### WHAT THE TASK ASKS
Every line from the one bearing "Coors Light White" through the last line of the entries should be printed exactly, with no other output.

### TASK INPUT
───

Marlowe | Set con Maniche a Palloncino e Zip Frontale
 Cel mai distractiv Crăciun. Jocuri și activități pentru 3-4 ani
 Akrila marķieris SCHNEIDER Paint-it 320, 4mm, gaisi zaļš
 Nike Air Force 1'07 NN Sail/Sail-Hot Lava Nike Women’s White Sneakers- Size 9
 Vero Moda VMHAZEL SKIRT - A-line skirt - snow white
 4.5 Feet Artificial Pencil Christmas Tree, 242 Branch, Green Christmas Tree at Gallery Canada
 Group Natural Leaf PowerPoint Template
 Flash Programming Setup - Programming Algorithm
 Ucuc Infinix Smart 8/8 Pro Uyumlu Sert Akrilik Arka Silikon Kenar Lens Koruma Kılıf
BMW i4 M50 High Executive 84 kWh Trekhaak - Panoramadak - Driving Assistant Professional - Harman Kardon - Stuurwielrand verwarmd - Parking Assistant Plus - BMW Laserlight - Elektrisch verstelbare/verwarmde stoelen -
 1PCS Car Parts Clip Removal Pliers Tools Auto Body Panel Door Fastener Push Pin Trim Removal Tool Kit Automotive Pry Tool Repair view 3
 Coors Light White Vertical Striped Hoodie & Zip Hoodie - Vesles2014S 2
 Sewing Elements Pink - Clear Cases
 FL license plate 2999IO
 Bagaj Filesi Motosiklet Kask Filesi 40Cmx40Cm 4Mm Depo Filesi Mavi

───

### YOUR SOLUTION
 Coors Light White Vertical Striped Hoodie & Zip Hoodie - Vesles2014S 2
 Sewing Elements Pink - Clear Cases
 FL license plate 2999IO
 Bagaj Filesi Motosiklet Kask Filesi 40Cmx40Cm 4Mm Depo Filesi Mavi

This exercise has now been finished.